I pick up my phone again and check Twitter to remind myself what Wolf-Meyer’s background is. His bio says he is an anthropologist interested in the biology of everyday life. I think about how my use of Twitter has a biology. The ways that technology interacts with mind, creating new pathways, breeding communities, how it constructs us. I will have a thought now that is in the shape of a tweet. I have also made friends on Twitter, even dated people I met online – my body likely still somewhere holding a cell strand of the bacteria one of them passed to me when we kissed.
I like a tweet by a friend before I close the app.
But where was I?
I was thinking about my ex and my computer.
The gift he wanted to give me was the assumption of the weight of the decisions around buying a computer.
(What screen is best for a visual disability? A matte screen. What kind of filters should I use? A program called Iris. Should I try an e-Ink monitor again? Has the ghosting rate improved? Yes. And which manufacture for each? And which price point? And should I get a service plan? And what kinds of external mice might help? So many decisions. So much research. The answers to it changing every month as new products come on the market and hold the promise for me of less pain, more accessibility.
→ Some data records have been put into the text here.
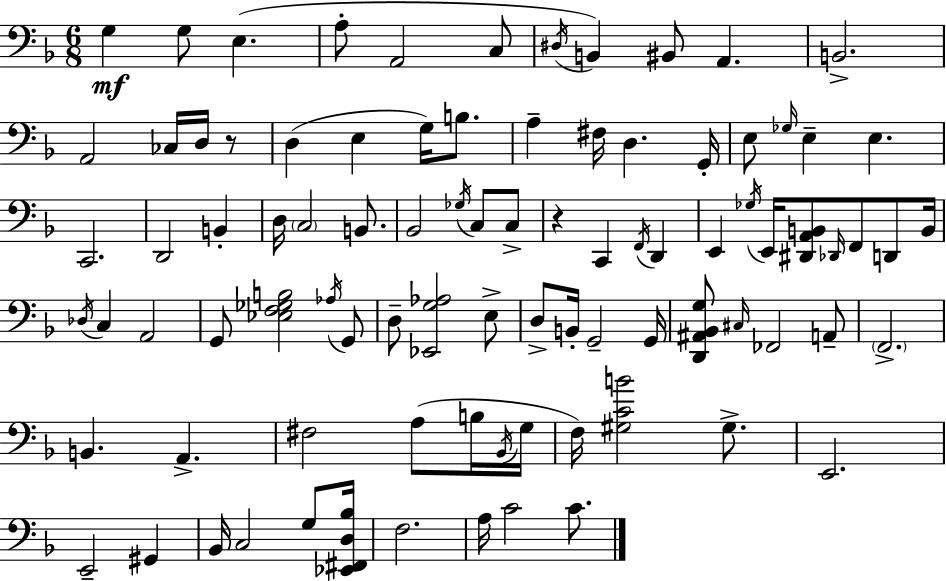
G3/q G3/e E3/q. A3/e A2/h C3/e D#3/s B2/q BIS2/e A2/q. B2/h. A2/h CES3/s D3/s R/e D3/q E3/q G3/s B3/e. A3/q F#3/s D3/q. G2/s E3/e Gb3/s E3/q E3/q. C2/h. D2/h B2/q D3/s C3/h B2/e. Bb2/h Gb3/s C3/e C3/e R/q C2/q F2/s D2/q E2/q Gb3/s E2/s [D#2,A2,B2]/e Db2/s F2/e D2/e B2/s Db3/s C3/q A2/h G2/e [Eb3,F3,Gb3,B3]/h Ab3/s G2/e D3/e [Eb2,G3,Ab3]/h E3/e D3/e B2/s G2/h G2/s [D2,A#2,Bb2,G3]/e C#3/s FES2/h A2/e F2/h. B2/q. A2/q. F#3/h A3/e B3/s Bb2/s G3/s F3/s [G#3,C4,B4]/h G#3/e. E2/h. E2/h G#2/q Bb2/s C3/h G3/e [Eb2,F#2,D3,Bb3]/s F3/h. A3/s C4/h C4/e.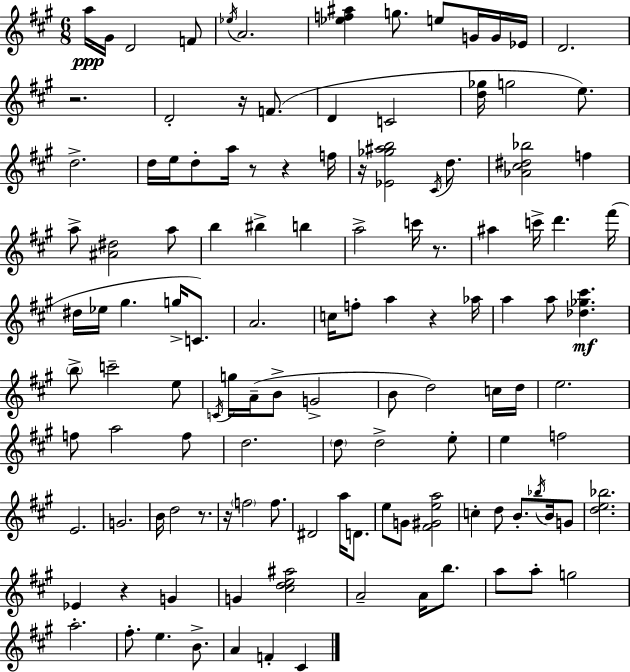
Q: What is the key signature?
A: A major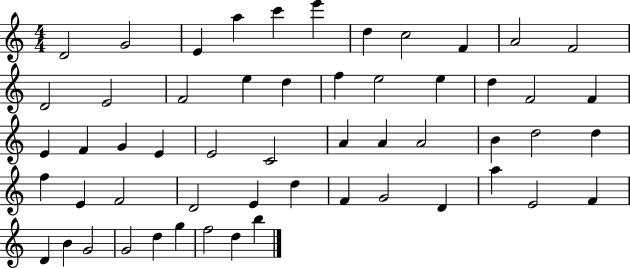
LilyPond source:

{
  \clef treble
  \numericTimeSignature
  \time 4/4
  \key c \major
  d'2 g'2 | e'4 a''4 c'''4 e'''4 | d''4 c''2 f'4 | a'2 f'2 | \break d'2 e'2 | f'2 e''4 d''4 | f''4 e''2 e''4 | d''4 f'2 f'4 | \break e'4 f'4 g'4 e'4 | e'2 c'2 | a'4 a'4 a'2 | b'4 d''2 d''4 | \break f''4 e'4 f'2 | d'2 e'4 d''4 | f'4 g'2 d'4 | a''4 e'2 f'4 | \break d'4 b'4 g'2 | g'2 d''4 g''4 | f''2 d''4 b''4 | \bar "|."
}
A better life with chemistry… and physics and engineering. The whole task a mountain of seeds I would never have been able to sort. Had not been able to sort through for a year as I used a computer that barely worked and kept breaking).
He offered too to set up my computer so that everything was as easy and seamless as possible to use because I told him that I experience what I call ‘cognitive drag.’
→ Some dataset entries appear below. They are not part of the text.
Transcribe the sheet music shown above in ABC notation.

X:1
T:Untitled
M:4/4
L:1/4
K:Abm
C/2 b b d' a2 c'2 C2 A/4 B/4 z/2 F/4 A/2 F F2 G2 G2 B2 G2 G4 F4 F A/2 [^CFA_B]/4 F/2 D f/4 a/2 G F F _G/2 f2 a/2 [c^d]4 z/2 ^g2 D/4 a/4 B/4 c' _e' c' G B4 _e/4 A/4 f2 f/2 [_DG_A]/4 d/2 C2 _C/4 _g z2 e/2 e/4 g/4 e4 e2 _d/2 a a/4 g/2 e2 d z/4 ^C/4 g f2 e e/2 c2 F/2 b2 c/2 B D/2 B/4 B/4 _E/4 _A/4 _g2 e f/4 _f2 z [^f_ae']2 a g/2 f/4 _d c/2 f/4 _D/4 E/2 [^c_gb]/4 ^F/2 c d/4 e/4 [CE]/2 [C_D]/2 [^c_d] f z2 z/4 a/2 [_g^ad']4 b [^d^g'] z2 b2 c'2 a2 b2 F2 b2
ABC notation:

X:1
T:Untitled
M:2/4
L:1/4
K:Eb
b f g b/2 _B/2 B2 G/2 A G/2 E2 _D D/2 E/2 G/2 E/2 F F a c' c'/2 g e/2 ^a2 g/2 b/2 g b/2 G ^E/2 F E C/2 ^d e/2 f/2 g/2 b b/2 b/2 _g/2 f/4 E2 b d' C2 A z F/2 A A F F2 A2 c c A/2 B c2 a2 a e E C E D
It is a term that took me four years to settle on -- a steady grasping for the right metaphor that was always just out of reach.
I like the aerodynamics of it, the way it imagines thought traversing time and space as though on a flight path. 
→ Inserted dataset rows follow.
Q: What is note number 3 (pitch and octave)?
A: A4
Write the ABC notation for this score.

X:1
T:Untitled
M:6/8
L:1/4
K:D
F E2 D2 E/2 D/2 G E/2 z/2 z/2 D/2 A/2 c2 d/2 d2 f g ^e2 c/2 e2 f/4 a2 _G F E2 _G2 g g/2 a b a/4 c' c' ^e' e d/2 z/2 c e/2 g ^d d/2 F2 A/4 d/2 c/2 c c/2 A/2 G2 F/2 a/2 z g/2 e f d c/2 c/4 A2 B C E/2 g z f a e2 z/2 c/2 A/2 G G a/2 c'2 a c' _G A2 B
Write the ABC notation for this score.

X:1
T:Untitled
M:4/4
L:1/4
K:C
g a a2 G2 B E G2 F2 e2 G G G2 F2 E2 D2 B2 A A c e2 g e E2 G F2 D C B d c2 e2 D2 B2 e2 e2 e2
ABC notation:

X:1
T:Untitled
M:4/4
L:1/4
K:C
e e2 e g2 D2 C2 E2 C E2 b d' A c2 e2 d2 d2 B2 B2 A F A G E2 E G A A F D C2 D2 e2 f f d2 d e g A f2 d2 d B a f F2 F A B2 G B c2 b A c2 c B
So much of my life is crashing. So much of my life is being undone by the wrong movements, the air rushing at me the wrong way. So much of my life is starting a thing and losing my place and then stumbling upon it hours later, having forgotten it entirely.
I have lost the persistence of my thoughts, their stickiness. They are like off-brand post-it notes found lying under couches when I vacuum, disconnected from the thing they were supposed to remain stuck to.
Out of context.
Or perhaps the better metaphor is that everything feels weightless. It is as though I exist with my thoughts gathered around me in a zero gravity environment and if I don’t keep everything strapped down things are liable to fly off. There is an absurdity (and horror) to imagining myself floating through space, desperate to grab hold of the knowledge of the thing that I’m supposed to do next, or the plans I have for later that night -- both of which are always just slightly out of reach and in opposite directions.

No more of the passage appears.